Anlamı: bir kimse veya bir topluluk tarafından beğenilmek: 'İhtimal ki senin alın yazında şunlar yazılıydı: Âlemin saygı ve takdirini kazanmış bir adam olacaksın.' -Y. K. Karaosmanoğlu.

Deyim: (birinin) kazanı kapalı kaynamak

Anlamı: içyüzü bilinmemek.

Deyim: (birinin) sırtından (para) kazanmak

Anlamı: para kazanmak için birini kullanmak: 'Benim bu marifetimi bilmeyenlerle bahse girip sırtımdan para kazanan açıkgözler bile oldu.' -H. Taner.

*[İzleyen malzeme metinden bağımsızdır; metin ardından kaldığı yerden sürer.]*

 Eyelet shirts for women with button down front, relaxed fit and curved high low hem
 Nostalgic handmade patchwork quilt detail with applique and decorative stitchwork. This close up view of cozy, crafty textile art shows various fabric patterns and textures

Deyim: cadı kazanı gibi kaynamak

Anlamı: dedikodu, kargaşa çok olmak.

Deyim: çuvalla para kazanmak

Anlamı: aşırı kazanç sağlamak.

Deyim: deneyim kazanmak

Anlamı: deneyimli duruma gelmek.

Deyim: ekmeğini kazanmak

Anlamı: geçimini sağlamak: 'İçi huzurlu, akşama dek çalışmış, ekmeğini kazanmış.' -M. İzgü.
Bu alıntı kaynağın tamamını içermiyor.